Friday, June 26, 2015

Best Bioavailability - Tablets or Liquids?

Why does USANA prefer tablets over liquids?
Many liquid supplement manufacturers claim that because their product is in a liquid form it is more bioavailable. In fact, some even use phony statements regarding the Physician's Desk Reference to support such claims. The statement they reference about liquid supplements being more bioavailable first appeared in the PDR under a listing for a specific nutritional supplement product. That statement has since been removed because it could not be substantiated.

Nutrients are typically absorbed by the small intestine (unless they are taken sublingually or injected). When you ingest a supplement in either liquid or tablet form, it must first pass through the stomach before reaching the small intestine.
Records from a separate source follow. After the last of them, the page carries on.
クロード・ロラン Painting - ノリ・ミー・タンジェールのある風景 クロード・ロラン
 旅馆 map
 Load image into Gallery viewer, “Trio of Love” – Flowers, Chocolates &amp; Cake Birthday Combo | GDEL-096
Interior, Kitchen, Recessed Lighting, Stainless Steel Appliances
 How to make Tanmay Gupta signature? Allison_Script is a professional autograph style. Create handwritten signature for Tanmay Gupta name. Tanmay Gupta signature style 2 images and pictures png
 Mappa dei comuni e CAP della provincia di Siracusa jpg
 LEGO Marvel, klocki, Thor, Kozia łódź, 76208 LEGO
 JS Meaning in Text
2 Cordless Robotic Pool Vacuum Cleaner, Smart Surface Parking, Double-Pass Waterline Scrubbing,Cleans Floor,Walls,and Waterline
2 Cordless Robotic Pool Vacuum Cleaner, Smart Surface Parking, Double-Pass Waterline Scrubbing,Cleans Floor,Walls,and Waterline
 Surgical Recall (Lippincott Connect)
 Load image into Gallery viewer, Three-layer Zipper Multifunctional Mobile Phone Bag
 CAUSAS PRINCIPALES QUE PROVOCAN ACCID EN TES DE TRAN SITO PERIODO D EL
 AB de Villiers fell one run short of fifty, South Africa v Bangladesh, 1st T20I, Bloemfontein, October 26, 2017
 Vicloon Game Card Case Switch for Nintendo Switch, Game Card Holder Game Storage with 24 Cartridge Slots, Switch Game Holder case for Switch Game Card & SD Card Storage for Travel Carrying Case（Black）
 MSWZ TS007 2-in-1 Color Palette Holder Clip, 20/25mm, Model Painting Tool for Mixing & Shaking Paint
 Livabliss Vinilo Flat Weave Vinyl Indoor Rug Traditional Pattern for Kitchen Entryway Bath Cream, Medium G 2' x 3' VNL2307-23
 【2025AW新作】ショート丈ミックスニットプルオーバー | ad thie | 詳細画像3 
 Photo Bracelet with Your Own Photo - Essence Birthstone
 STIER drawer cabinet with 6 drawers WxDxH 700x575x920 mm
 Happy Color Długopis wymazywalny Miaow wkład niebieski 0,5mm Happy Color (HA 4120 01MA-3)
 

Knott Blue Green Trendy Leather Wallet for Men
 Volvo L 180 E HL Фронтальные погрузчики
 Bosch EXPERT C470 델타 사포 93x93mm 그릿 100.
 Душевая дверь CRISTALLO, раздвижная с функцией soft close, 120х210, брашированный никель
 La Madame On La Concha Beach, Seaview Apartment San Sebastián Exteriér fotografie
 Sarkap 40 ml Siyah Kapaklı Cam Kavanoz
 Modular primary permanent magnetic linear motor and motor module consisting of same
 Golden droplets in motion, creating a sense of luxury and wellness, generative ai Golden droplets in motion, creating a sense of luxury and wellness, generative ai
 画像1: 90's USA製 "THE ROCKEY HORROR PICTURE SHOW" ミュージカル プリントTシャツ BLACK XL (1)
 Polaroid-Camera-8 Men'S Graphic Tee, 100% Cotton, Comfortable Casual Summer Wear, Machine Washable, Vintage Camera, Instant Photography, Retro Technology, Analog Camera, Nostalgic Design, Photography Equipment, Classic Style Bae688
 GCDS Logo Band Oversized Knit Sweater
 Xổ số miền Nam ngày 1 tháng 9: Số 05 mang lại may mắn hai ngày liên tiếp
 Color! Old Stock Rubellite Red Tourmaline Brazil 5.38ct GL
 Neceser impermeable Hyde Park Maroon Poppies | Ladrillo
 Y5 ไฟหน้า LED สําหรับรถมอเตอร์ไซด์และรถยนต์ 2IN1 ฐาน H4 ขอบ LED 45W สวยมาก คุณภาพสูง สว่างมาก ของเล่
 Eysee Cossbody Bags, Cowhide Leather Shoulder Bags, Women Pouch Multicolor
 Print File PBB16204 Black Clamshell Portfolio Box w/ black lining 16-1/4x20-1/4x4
If liquids were simply absorbed directly into the bloodstream, as some supplement companies claim, what would happen when individuals consumed soup? Would it also be absorbed directly into the bloodstream?

Bioavailability is defined as the degree and rate at which a substance (as a drug) is absorbed into a living system - or more correctly, the degree or rate at which it is ultimately made available at the site of physiological activity. Different vitamins and minerals have different absorption rates regardless of whether they come from a tablet, liquid, powder, or food. Calcium, for example, has a fairly standard absorption rate (25-35%), and the form does not generally make a significant difference.

A well-made tablet provides a very effective delivery system and is the chosen form of most pharmaceutical medications. This is because tablets have been confirmed, through years of carefully controlled studies, as a reliable and efficient delivery system for medications. Why would vitamin and mineral supplements be any different? Does anyone doubt that an aspirin tablet is ineffective because it comes in a tablet?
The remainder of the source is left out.